Lost Among the Living(16)



“What type of spells?” I asked.

“Hallucinations,” he replied. “She saw things that weren’t there, spoke to people who weren’t present. I witnessed it myself any number of times, and I questioned Frances—when she was capable of it—as well as the doctors Dottie had called in to treat her. Some of the things Frances thought she saw were benign, and some of them were terrible. But by the time she was thirteen, the hallucinations were pervasive and incredibly real to her. She claimed there was a door that the visions came through. She could describe it to the finest detail if you asked.” He gave me a small smile that was entirely sad. “It took some questioning before she trusted me enough to explain, but I finally understood that the things she saw coming through that imaginary door were dead.”

I gaped at him. My tea had grown cold on the table next to me. I could not think of a thing to say.

“You can imagine,” Mr. Wilde continued, “what a torment everyday life must be for someone so afflicted. Frances believed she saw the dead, waking and sleeping. She often had screaming fits that were terrible to behold—her madness sometimes produced particularly gruesome visions. No doctor could help her, and eventually Dottie would not hear of her being examined yet again. So Frances lived at home instead, in privacy, plagued by her waking dreams.” He looked at me closely with his chilled gaze. “You have a look of pity in your eyes, Mrs. Manders, but not a look of great shock. According to my information, you are well acquainted with madness, are you not?”

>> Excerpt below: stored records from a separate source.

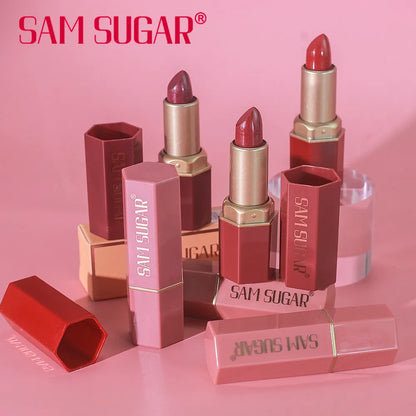 6 Colors Gold Bar Tube Lipstick – Matte, Pearlescent Glitter, Velvet Texture, Valentine's Day Gift (1PC)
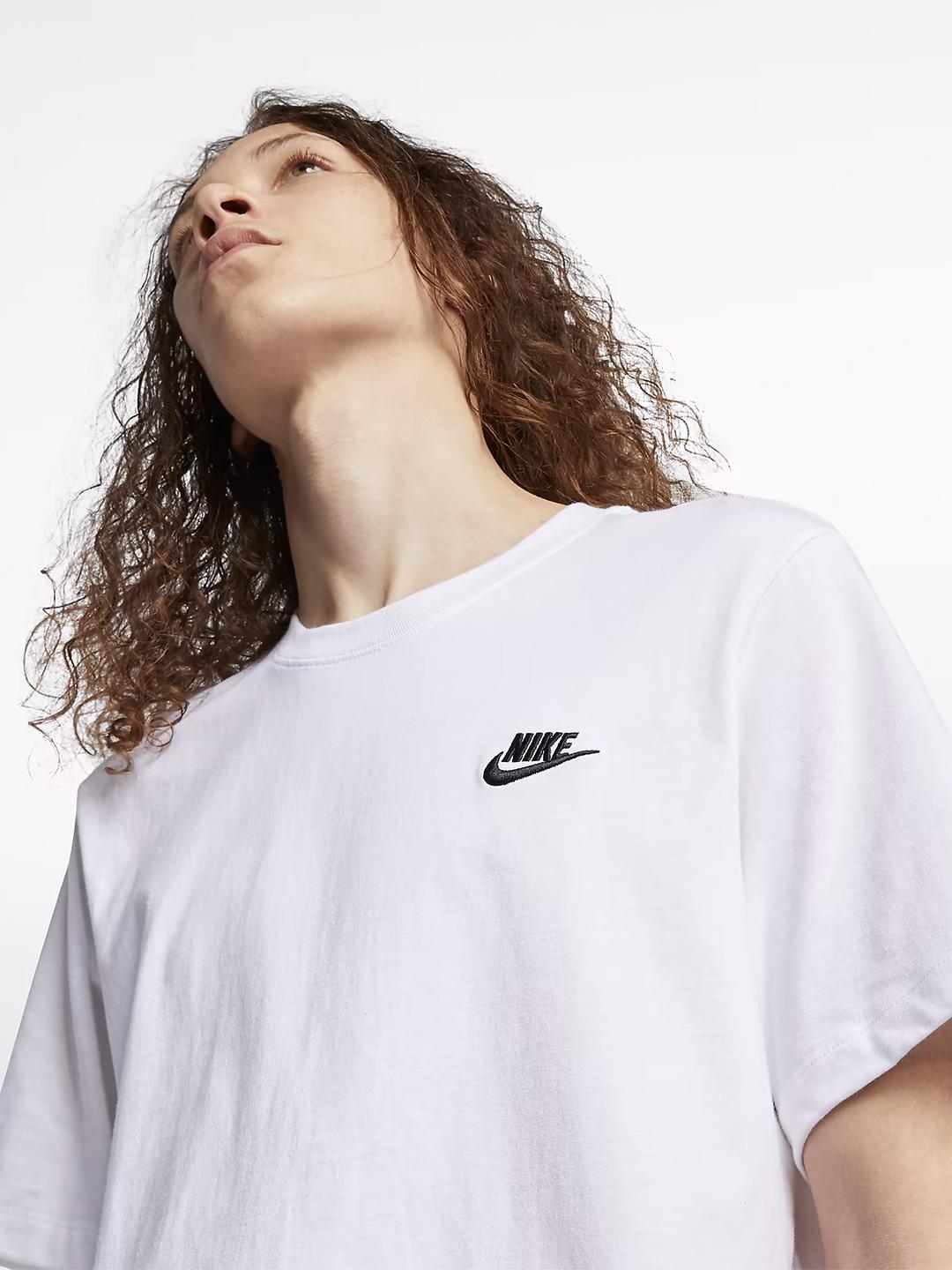 Nike t-shirt bianco con logo nero AR4997-101 BIANCO NIKE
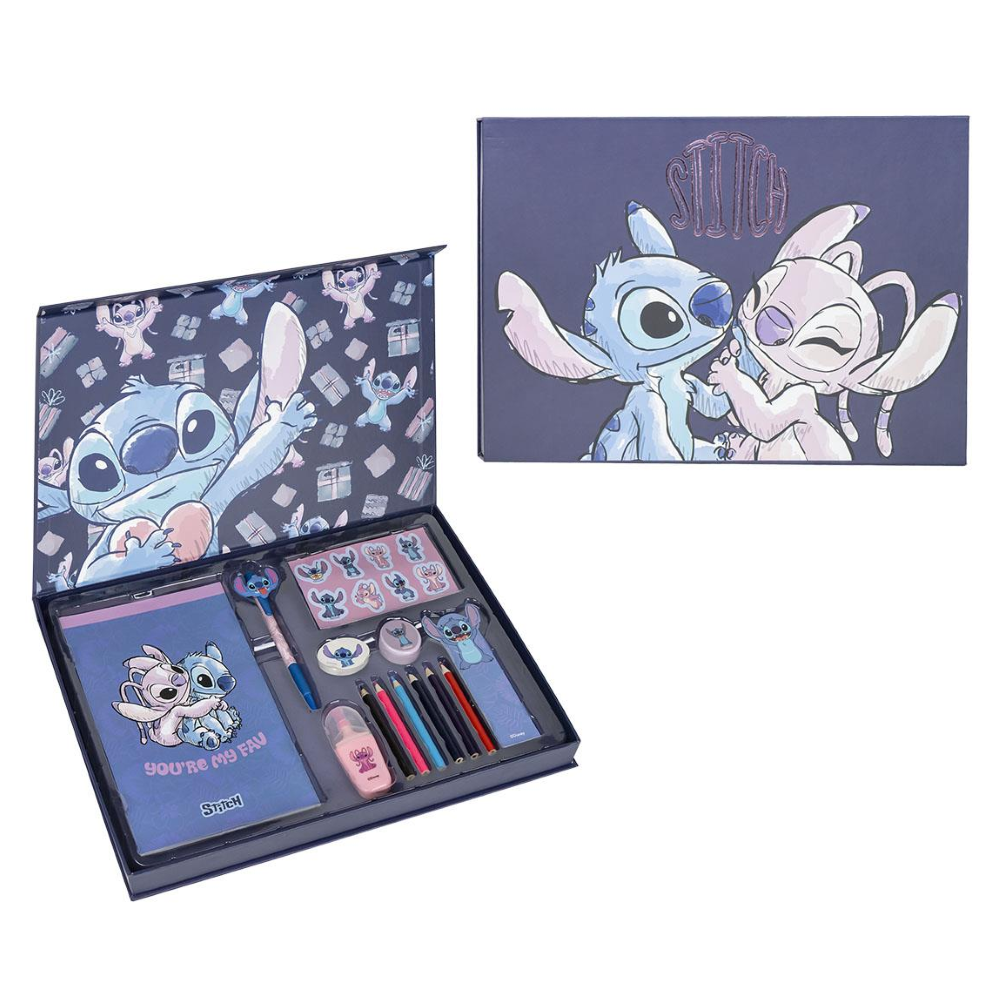 Set Cancelleria Stitch e Angel Valigetta DISNEY per Disegnare Colorare Scrivere - 0883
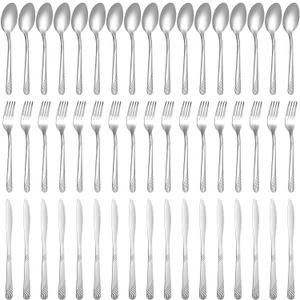 Minatee 201 Pcs Thin Silverware Set Stainless Steel Flatware Sets Service for 67 Silver Cutlery Set Serving Utensils Sits Includes Knife Fork Spoon for Kitchen Dinner Table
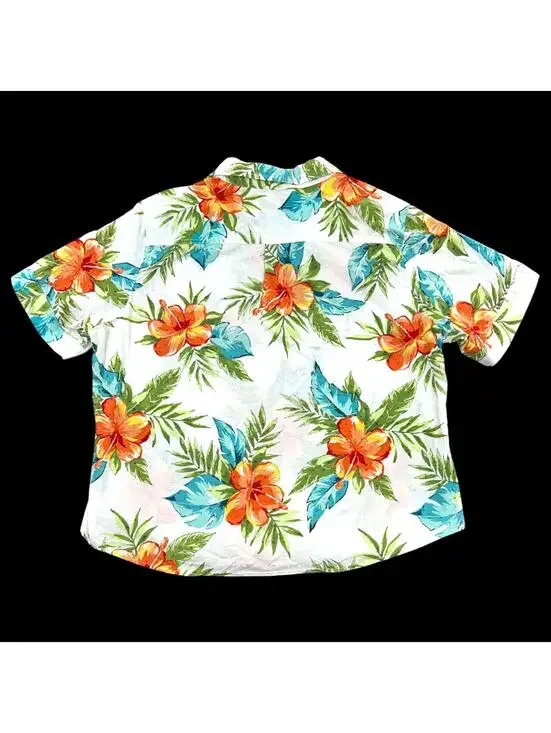 Vintage Cathy Daniels Tropical Hibiscus Short Sleeve Top - Picture 3 of 8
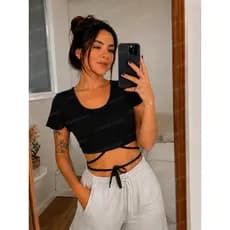 Cropped Feminino Manga Curta Amarração Decote Redondo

I thought of the long, red scratches on Mother’s neck, and the words sprang to my lips, defensive. “It is not the same, Mr. Wilde. Not at all.”

“If you say so. In any case, the rumors you hear are nothing but poison. Frances was never locked up or chained. There was no dog. The vagrant dying in the woods on the same day as Frances was a cruel and gruesome coincidence, that is all. Though something did strike me the day she died.”

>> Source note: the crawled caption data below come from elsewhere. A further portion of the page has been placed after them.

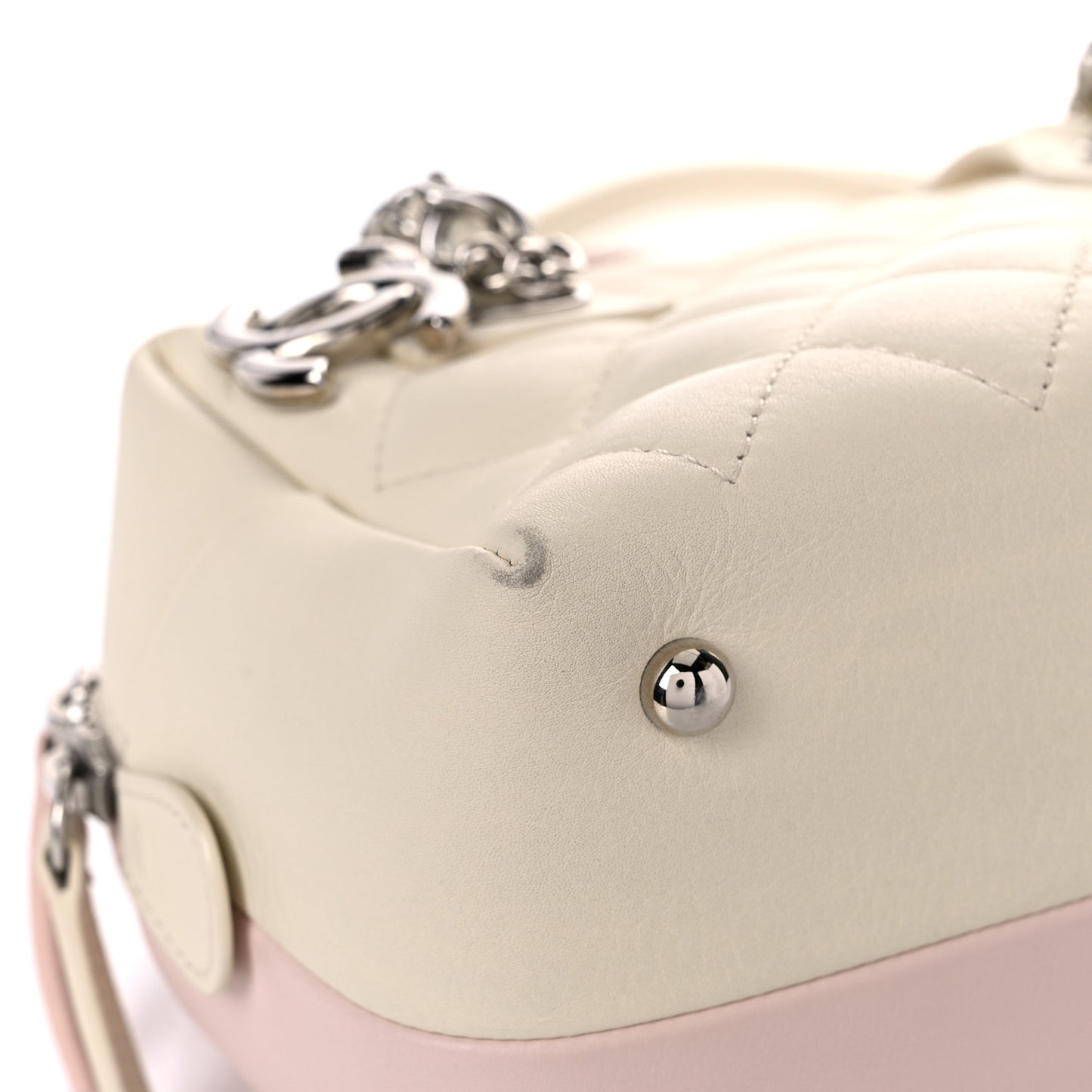 Calfskin Quilted Feather Weight Bowling Bag Ivory Light Pink
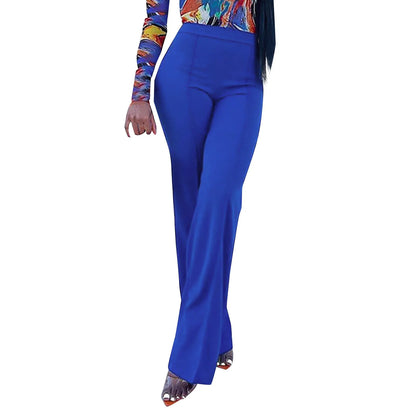 Women Fashion Office Wear White Flare Pants Solid Color High Waist Sexy Slim Pants Elegant Casual Work Daily Elastic Trousers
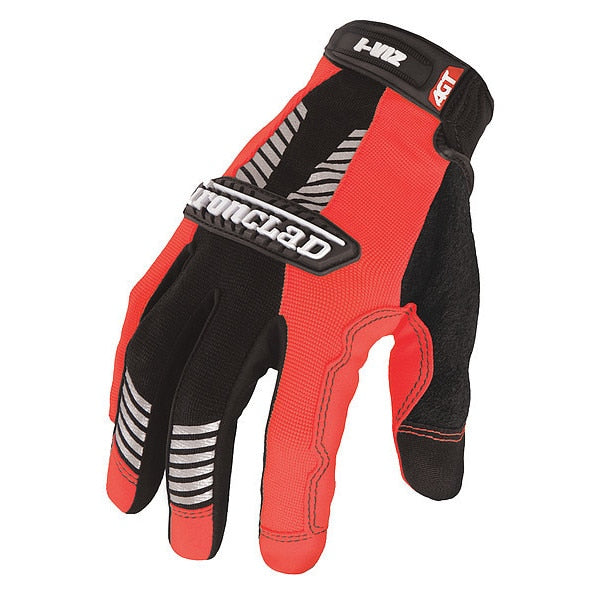 Hi-Vis Mechanics Gloves, L, Orange, Padded, Ribbed Nylon/Spandex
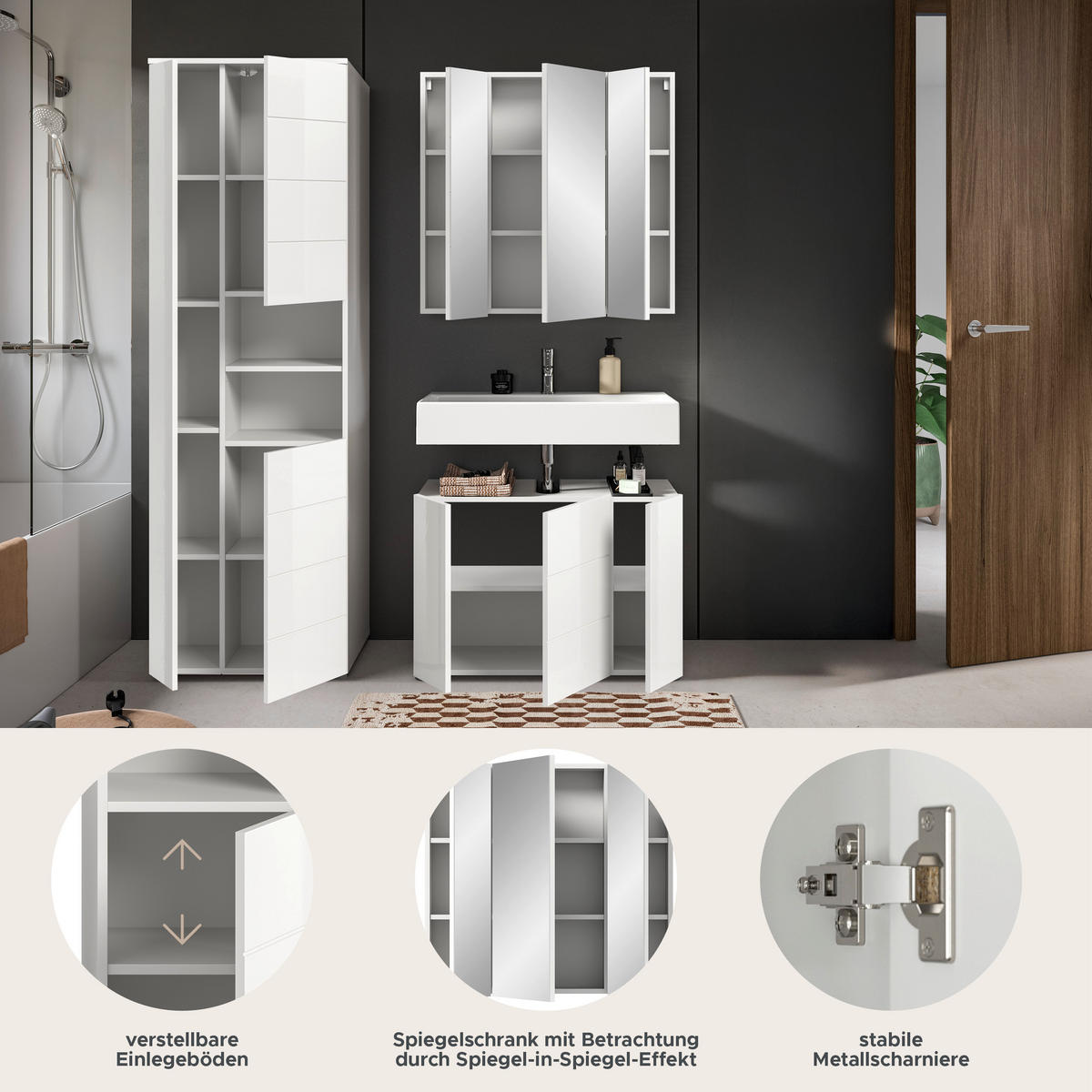 BADKOMBINATION 3tlg. Vira Bad in weiß Melamin und weiß hochglanz B/H/T: 157x190x34 cm - Weiß, Holz (157/190/34cm)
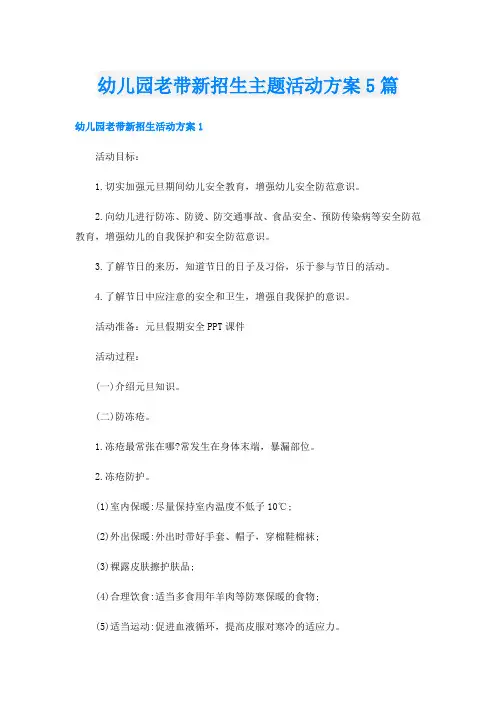 幼儿园老带新招生主题活动方案5篇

“What was that?” I managed.

“I had known Frances for years by then. For all her torment, she had never been suicidal. She had never attempted to take her own life until that day. In fact, because of her hallucinations, she was terrified of dying. The last place she ever wanted to go was through that terrible door, to be with the things on the other side.” He shrugged. “Don’t you find that strange?”

“Yes,” I said, keeping my voice steady. “I suppose it is.”

Mr. Wilde flipped open Dottie’s letter at last and read the lines inside. He showed no reaction to whatever they said except for the faint tightening of his jaw. “If you will be so kind as to wait a moment, Mrs. Manders, I will write Mrs. Forsyth a reply.”

I sat in silence as he pulled out a creamy piece of paper and scratched on it with his pen, one brief line, two, three. There seemed to be no air in the room. I wondered if David Wilde had ever seen a strange girl in Wych Elm House sitting in a chair and staring at him. But no, he couldn’t have. The house had been empty since the Forsyths had left.

When he had finished, he sealed the letter and rose. I followed him to the door. “Mr. Wilde,” I said, “I have one question.”

“And what may that be?”

“Why do I feel like you have been assessing me for the past hour?”

He gave me his small smile again and placed the letter in my hand. “Don’t worry about it, Mrs. Manders,” he said. “My duty to the family comes first. Good day to you.”





CHAPTER SEVEN



I finished the rest of Dottie’s errands in numb silence. I visited the dressmaker’s and came away with two ready-made frocks in packages under my arm, as well as an order for two more to come in a week’s time. I had barely looked at them, letting the dressmaker select what was best. I also bought new stockings, one pair of new shoes, and a new hat. I had paid for all of it on Dottie’s credit; likely I’d have to work for her for years before we were even again.

Next to the dressmaker’s was a photographer’s studio. It was closed—the sign said the proprietor was in only on Mondays and Thursdays—but I paused and looked at the photographs in the window. One showed Anningley’s own High Street, on a misty early morning, looking toward the gentle rise of a hill, which was crowned with a pretty church of old stone, its spire coming out of the mist above the roofs of the village houses. I thought of that same church, rising out of the same mist, two hundred or even three hundred years ago, patiently waiting for Sunday attendance by villagers now long dead, weathering storms long forgotten, just as it would do when I was dead and so was everyone around me. And I thought for the first time in months of Alex’s camera in its case in my bedroom at Wych Elm House.

I turned and looked down High Street at the spire from the photograph. A church meant a graveyard. She is buried in the churchyard, if you want to see her.

Still, I dawdled on my way to Frances’s grave. I stopped at the pharmacist’s and the lending library, David Wilde’s words turning over in my head. Finally I had no more errands, no more excuses, and I opened the churchyard gate with my gloved hands, listening to it creak in the peaceful stillness of the sunny afternoon.

The church was a snug building of buttery stone. I saw no sign of a vicar or a groundskeeper, though the grounds were immaculate; there were only the starlings crying at one another in the trees over the hill.